Designing the Waiting Room: integrating Queue Management Systems and Digital Signage already in the concept phase

06 February 2026
progettazione della sala di attesa

In most retail, corporate, and healthcare projects, the waiting room is still perceived as a “service” space.
Yet it is often the first place where people stop, observe, orient themselves, and begin to form an idea of ​​the organization before them.

For an architect or interior designer, this means one thing: the waiting room is not just a collection of seats, tables, and finishes, but an environment in which flow, comfort, and technology must be designed together.
In this context, digital queue management systems and digital signage are not technical accessories to be decided upon at the end of the project, but elements to be integrated into the concept from the very first draft.

 

From “waiting room” to “reception space”

In recent years, design trends in healthcare, offices, and hospitality have clearly evolved: the waiting room is transforming into a space for welcoming, connecting, and, in some cases, working.

We’re moving from identical rows of seats to more flexible configurations, with distinct areas for those who want to work, for families, and for those seeking privacy or greater comfort.

This shift requires a rethinking of flows: how people arrive, where they register, where they sit, how they are called, how they find their destination.

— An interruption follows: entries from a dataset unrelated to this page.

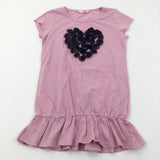 Appliqued Flowers Heart Pink Tunic Top - Girls 8-9 Years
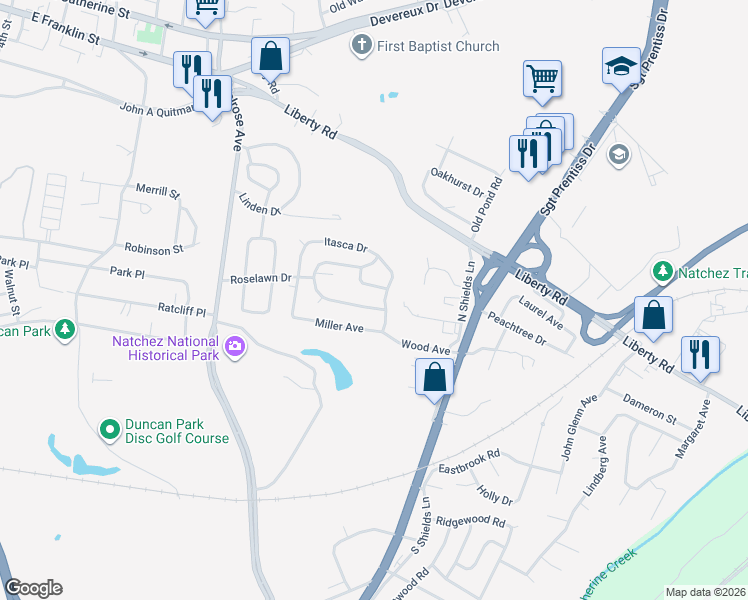 map of restaurants, bars, coffee shops, grocery stores, and more near 2901 Roselawn Drive in Natchez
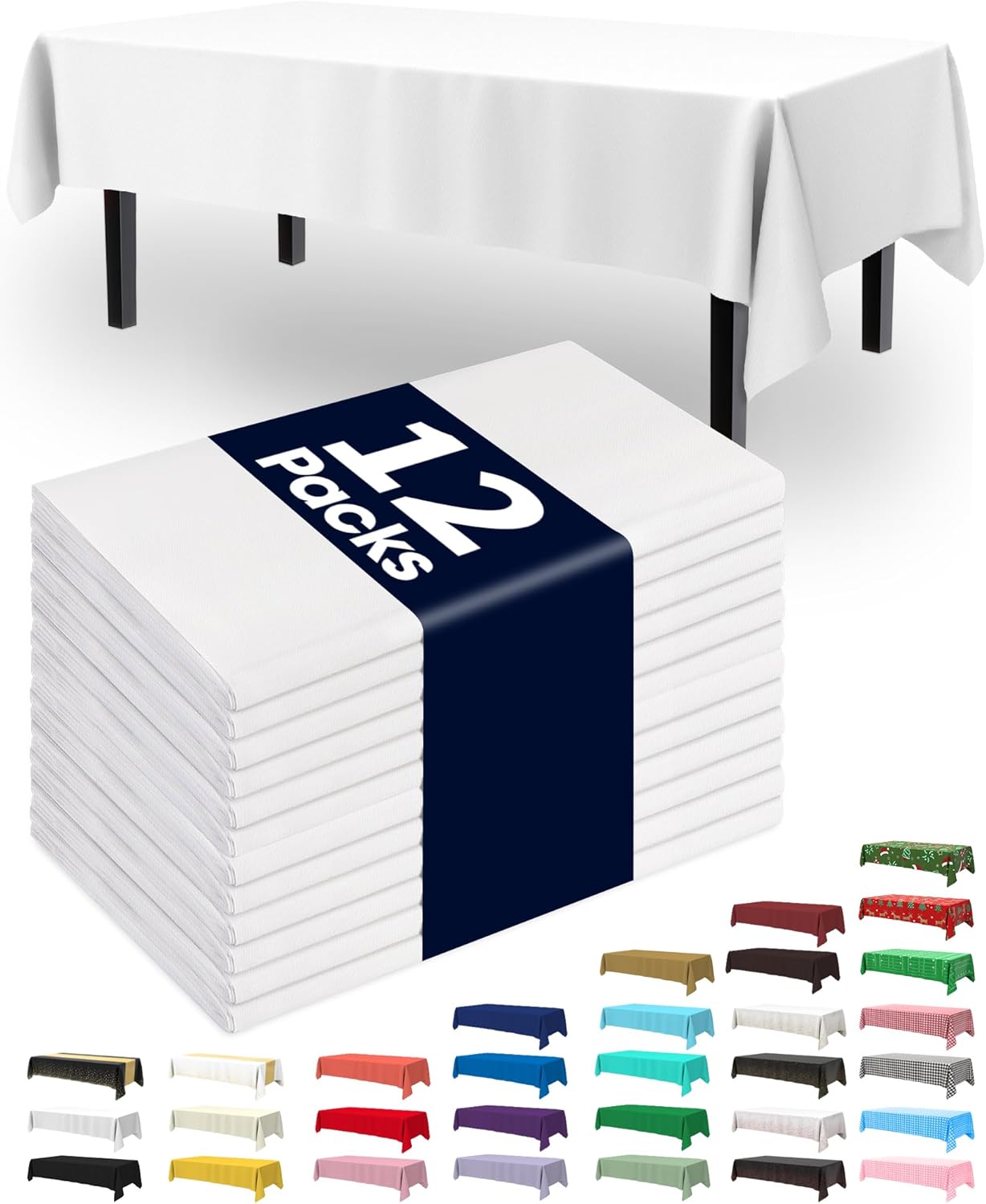 Pureegg Disposable Plastic Tablecloths - 12 Pack, 54 x 108 Inch, Leakproof & Sturdy for Parties, Picnics, Weddings - White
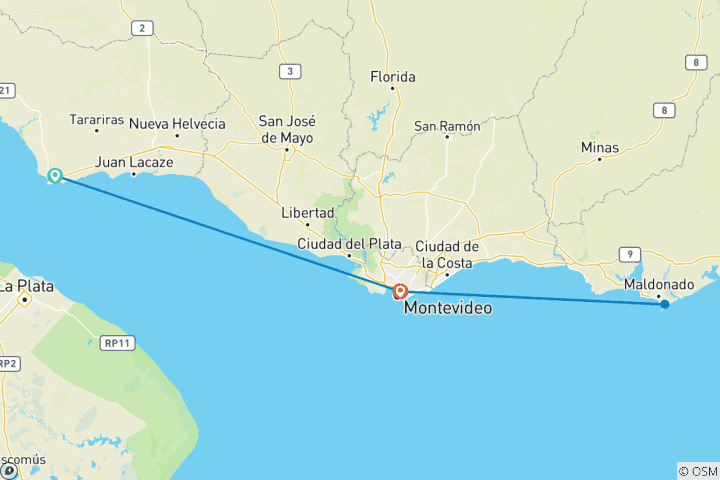 Kaart van Aangepaste 6-daagse wijntour door Uruguay, dagelijkse start & privéauto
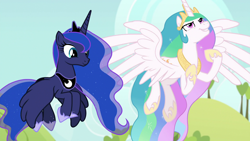 Size: 1920x1080 | Tagged: safe, screencap, princess celestia, princess luna, alicorn, pony, between dark and dawn, cute, duo, ethereal mane, female, mare, royal sisters, siblings, sisters, spread wings, wings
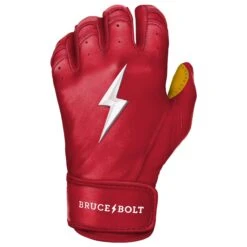 Bruce Bolt PREMIUM PRO Short Cuff Batting Gloves: Red -Baseball Equip Shop SC REDG LEFT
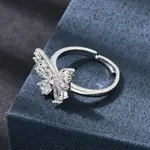 Brass Micro Pave Clear Cubic Zirconia Cuff Open Ring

The key question for designers becomes: “How can I make this sequence intuitive, legible, and consistent with the project’s visual identity?”

 

Three Key Design Constraints for Architects and Interior Designers

When designing a waiting room with a digital queue management system, it’s helpful to consider three main constraints.

  • Flows and Wayfinding
    The entrance, registration area, waiting area, and call point must follow a clear logic.
    The goal is to minimize implicit user questions: “Where should I go?”, “Should I get in line?”, “When is it my turn?”
  • Comfort and Perception of Time
    The choice of seating, lighting, acoustics, and visual content directly affects the perception of waiting.
    Clear and consistent communication during wait times helps reduce the negative perception of time spent and the level of stress, both for those waiting and for front office staff.
  • Visual identity and consistent language
    Materials, color palette, furnishing style, and the presence of screens or totems must speak the same language.
    The queue management totem is also part of this visual grammar: if it is anonymous or out of scale, it introduces dissonance into an otherwise coherent design.

 

Where the digital queue management system comes into play

A digital queue management system is not simply a “number dispenser,” but an infrastructure that organizes and makes the relationship between people and service understandable.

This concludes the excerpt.